Gardening in the high desert climate is a challenge. Yucca Valley area is in the 8B hardiness zone. I have gardened in Zone 9-10 which has been a breeze compared to 8B zone. I haven't had much luck with vegetable gardening. The weather and the critters have made the effort a failure. Still one can continue to try and see what is possible and not. Gardening is like witnessing alchemy in action. The constant transformation of plant life appears to me as magic unfolding. The various fruit trees I planted the year before and largely watered with recycled gray water answered back in spring with lovely blossoms. Almond tree blossoms, plum tree blossoms and peach tree blossoms are delicate and stunning. And the bees show up in droves feasting on the flowers and other creatures also visit.
Aliens are here.
This young grasshopper
lived underneath the
persimmon tree leaves.
The moth visitor.
Almond tree blossoms in the high desert. The strong high desert wind caused almost all the petals fall so only couple almonds fruited and the birds got them early before the nuts fully matured.

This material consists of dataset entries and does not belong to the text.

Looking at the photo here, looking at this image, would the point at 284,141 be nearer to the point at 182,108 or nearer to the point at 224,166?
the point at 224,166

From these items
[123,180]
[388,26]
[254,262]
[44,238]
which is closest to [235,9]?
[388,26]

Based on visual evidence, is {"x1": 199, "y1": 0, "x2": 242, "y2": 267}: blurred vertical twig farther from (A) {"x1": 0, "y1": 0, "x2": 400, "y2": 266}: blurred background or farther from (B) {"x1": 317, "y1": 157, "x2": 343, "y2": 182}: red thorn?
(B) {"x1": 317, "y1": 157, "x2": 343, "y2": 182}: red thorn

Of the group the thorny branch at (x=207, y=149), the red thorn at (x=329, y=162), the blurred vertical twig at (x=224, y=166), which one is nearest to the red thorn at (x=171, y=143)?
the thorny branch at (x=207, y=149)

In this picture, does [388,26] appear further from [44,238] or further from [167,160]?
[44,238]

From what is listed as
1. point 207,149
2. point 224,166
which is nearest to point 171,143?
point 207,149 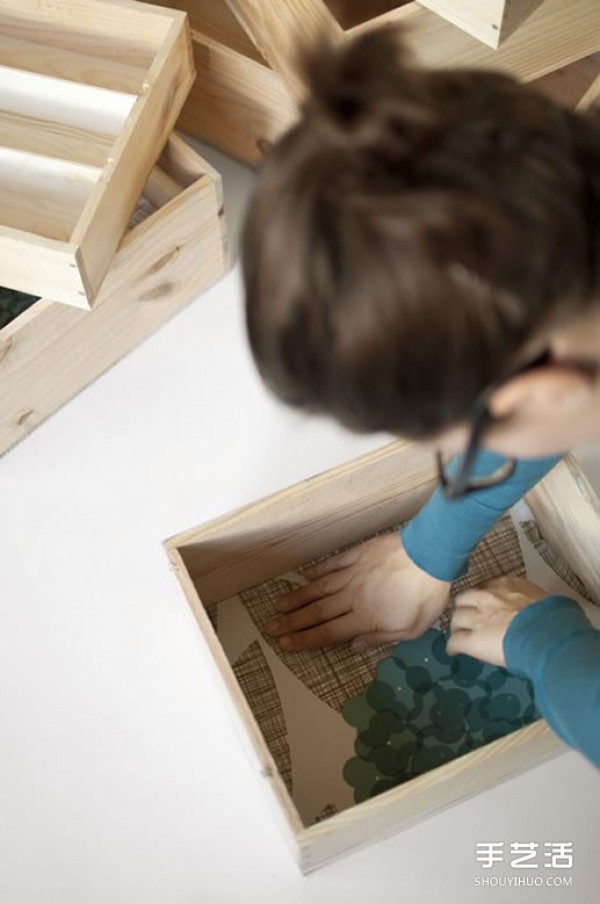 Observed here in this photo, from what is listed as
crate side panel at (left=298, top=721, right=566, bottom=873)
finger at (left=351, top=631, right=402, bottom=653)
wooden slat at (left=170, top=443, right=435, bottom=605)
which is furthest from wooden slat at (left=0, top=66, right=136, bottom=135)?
crate side panel at (left=298, top=721, right=566, bottom=873)

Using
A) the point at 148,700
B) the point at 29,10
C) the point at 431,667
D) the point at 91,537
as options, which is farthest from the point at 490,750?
the point at 29,10

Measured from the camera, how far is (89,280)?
869mm

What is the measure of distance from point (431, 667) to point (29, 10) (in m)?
0.69

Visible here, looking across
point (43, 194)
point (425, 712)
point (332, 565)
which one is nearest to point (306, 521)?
point (332, 565)

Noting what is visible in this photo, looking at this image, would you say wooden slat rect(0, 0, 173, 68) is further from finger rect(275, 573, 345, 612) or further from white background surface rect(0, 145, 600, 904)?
finger rect(275, 573, 345, 612)

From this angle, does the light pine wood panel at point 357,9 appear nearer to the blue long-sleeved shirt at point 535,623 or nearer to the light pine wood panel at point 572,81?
the light pine wood panel at point 572,81

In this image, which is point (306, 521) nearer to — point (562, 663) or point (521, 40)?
point (562, 663)

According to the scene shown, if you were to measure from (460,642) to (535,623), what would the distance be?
91 mm

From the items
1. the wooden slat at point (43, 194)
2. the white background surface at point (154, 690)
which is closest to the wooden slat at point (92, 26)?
the wooden slat at point (43, 194)

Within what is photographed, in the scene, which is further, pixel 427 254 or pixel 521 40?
pixel 521 40

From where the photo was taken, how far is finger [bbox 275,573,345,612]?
0.92m

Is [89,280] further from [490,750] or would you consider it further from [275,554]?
[490,750]

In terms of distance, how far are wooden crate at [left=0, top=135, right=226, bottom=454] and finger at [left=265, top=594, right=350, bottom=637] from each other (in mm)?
286

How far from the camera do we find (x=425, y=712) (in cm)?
89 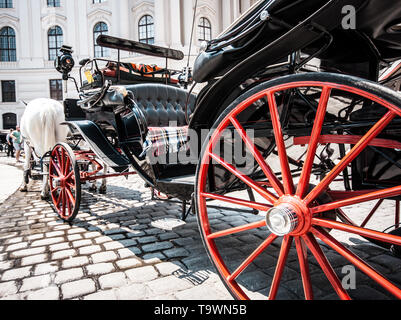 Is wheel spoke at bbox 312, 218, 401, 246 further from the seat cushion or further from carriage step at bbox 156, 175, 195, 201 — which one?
the seat cushion

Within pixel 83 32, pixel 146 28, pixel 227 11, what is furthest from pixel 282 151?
pixel 83 32

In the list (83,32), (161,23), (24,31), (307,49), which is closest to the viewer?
(307,49)

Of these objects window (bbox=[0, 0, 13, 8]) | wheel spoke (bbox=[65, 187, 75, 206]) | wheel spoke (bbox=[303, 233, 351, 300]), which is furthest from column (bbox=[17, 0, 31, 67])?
wheel spoke (bbox=[303, 233, 351, 300])

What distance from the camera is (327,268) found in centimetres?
131

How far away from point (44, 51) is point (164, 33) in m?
11.7

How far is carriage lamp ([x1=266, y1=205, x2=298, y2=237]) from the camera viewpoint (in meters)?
1.36

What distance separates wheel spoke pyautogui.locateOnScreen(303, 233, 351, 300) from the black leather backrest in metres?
2.97

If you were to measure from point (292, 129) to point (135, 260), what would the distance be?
1.61 metres

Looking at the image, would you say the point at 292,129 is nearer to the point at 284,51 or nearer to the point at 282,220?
the point at 284,51

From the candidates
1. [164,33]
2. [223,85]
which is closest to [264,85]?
[223,85]

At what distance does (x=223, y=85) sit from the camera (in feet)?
5.96

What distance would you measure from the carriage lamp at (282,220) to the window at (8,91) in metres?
31.5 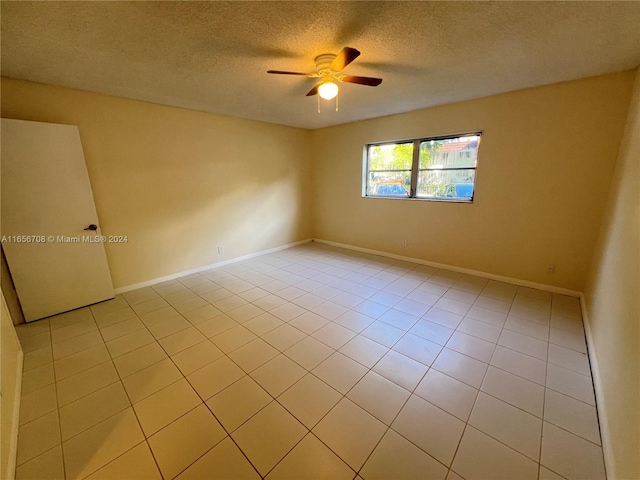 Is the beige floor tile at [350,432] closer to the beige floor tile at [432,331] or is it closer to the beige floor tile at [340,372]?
the beige floor tile at [340,372]

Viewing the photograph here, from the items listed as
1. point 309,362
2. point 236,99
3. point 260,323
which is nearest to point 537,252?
point 309,362

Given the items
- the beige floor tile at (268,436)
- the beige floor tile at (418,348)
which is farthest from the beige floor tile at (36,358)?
the beige floor tile at (418,348)

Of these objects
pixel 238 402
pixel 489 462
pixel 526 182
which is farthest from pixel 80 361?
pixel 526 182

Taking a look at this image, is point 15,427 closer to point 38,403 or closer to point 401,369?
point 38,403

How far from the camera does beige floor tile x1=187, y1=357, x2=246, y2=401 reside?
1.77 metres

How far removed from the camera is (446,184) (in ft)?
12.4

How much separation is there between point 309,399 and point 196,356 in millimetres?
1072

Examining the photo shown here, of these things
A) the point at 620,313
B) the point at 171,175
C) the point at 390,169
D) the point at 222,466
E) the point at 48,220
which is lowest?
the point at 222,466

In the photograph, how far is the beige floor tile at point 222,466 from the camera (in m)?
1.25

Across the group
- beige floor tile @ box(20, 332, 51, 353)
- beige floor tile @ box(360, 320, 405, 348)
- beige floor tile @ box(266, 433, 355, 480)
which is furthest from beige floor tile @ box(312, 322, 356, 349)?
beige floor tile @ box(20, 332, 51, 353)

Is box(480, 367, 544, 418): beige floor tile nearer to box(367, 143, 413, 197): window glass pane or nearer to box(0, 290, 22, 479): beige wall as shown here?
box(0, 290, 22, 479): beige wall

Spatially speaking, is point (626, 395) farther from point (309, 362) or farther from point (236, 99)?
point (236, 99)

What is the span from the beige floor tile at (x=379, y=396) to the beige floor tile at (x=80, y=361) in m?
2.08

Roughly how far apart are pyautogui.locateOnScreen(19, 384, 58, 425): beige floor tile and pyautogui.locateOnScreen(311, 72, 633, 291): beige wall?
4.34 meters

“People from a planet without flowers would think we must be mad with joy the whole time to have such things about us.”
~Iris Murdoch
Be mad with joy? Iris Murdoch must have adored flowers. A video I made featuring my sister and the beauty of flowers.
Peach tree blossoms after being planted into the ground the year before.
Ta da...magic! The peaches were very sweet...
the birds and squirrels enjoyed most of them.
Comice
I think of Issa often these days, his poems about the loneliness of fleas, watermelons becoming frogs to escape from thieves. Moon in solstice, snowfall under the earth, I dream of a pure life.
Issa said of his child, she smoothes the wrinkles from my
heart. Yes, it's a dewdrop world. Inside the pear, there's a paradise we
will never know, our only hint the sweetness of its taste.